Solar fuel researchers test the solar thermochemical reactor designed for Synhelion’s jet fuel production

Solar fuels are made using thermochemistry driven by direct heat from the sun

In this process, solar thermal energy provides the heat for thermochemical reactions to produce new compounds such as green hydrogen or sustainable aviation fuel. Highly concentrated solar heat is reflected off thousands of mirrors in a solar field surrounding a tower receiver to heat a solar reactor.

These reactions are used to extract hydrogen from molecules of water (or other hydrogen-containing compounds) and to make chemical compounds like ammonia or hydrocarbon fuels like aviation fuel. National research laboratories around the world are advancing solar fuels using solar thermochemistry.

Many designs are being tested for the solar reactors, heat transfer fluids, and thermal storage capable of very high temperatures ranging from 700ºC to 1500ºC. Research results are shared at annual SolarPACES Conferences and published in peer-reviewed journals such as Energy, Solar Energy, The Journal of Energy Storage, Solar Energies, etc.
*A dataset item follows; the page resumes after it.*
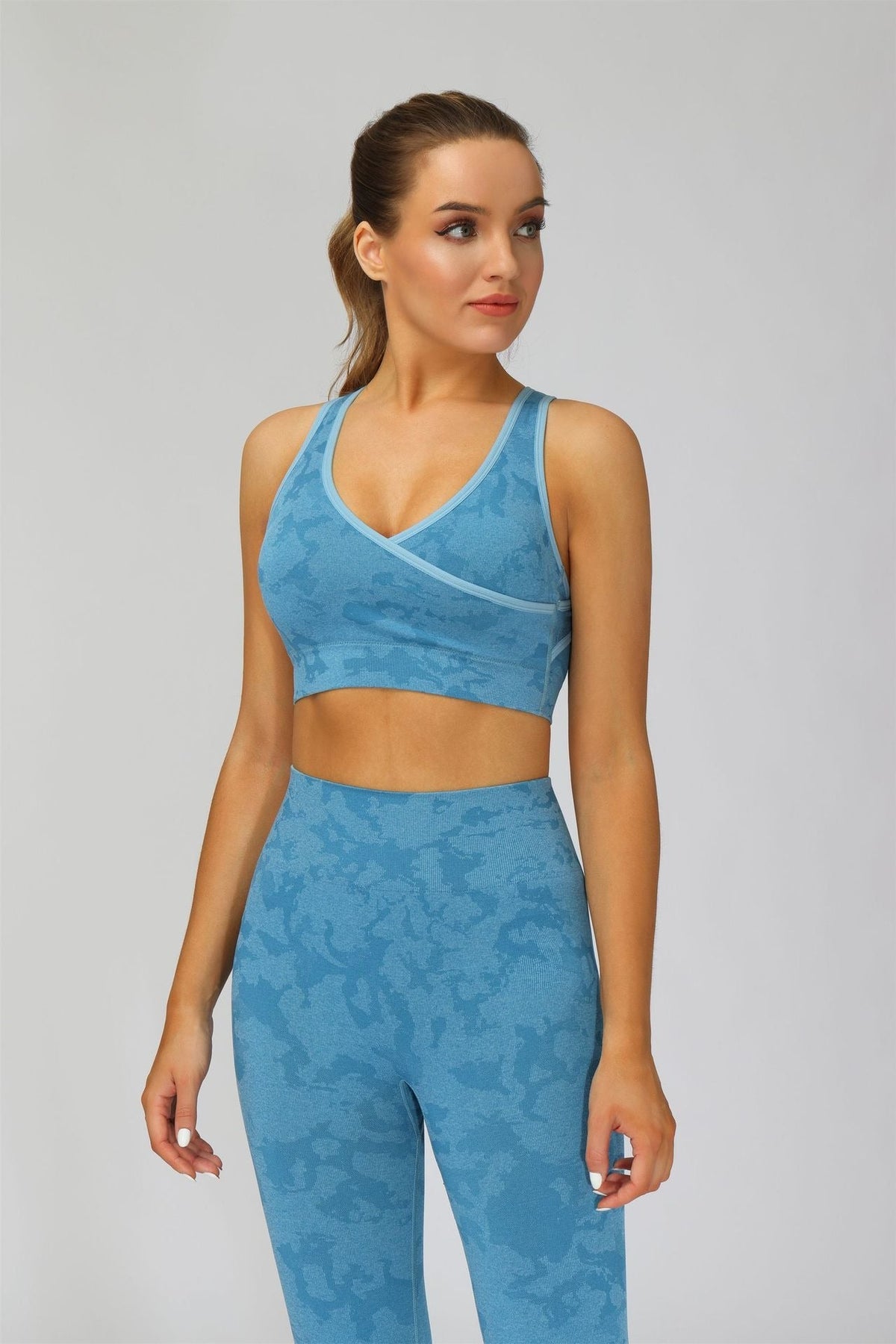 New camouflage seamless cropped pants with tiger pattern fitness pants, yoga suit, bra, and pants set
SolarPACES Task II Solar Chemistry Research is tasked by the International Energy Agency with furthering solar fuel research, which is carried out by affiliated member nations. The resulting solar fuels would be a sustainable and renewable alternative to traditional fossil fuel-based thermochemical processes that produce many fuels, chemicals, and materials, and has been recognized by at COP26.

Thermochemical solar fuels have the advantage over biofuels that the land use for the solar field of heliostats is much lower, and the advantage over solar e-fuels (using PV) of being more thermally efficient, as the heat is produced directly from solar thermal energy.

The chemistry reactions are heated using very highly concentrated solar flux. To generate the heat, a solar field of mirrors called heliostats focuses thousands of reflections of the sun (many “suns”) up to a solar receiver that heats up to as high as 1500°C, using the heat in an adjacent solar reactor to heat the chemical reaction.

Solar thermochemical production of hydrogen, ammonia, and jet fuel are among the most promising lines of research, with the first commercial applications in aviation fuels that meet Aviation Standards for jet fuel. Hydrocarbon fuels like gasoline, diesel, and jet fuel consist of hydrogen (H) and carbon (C) elements in various molecular configurations.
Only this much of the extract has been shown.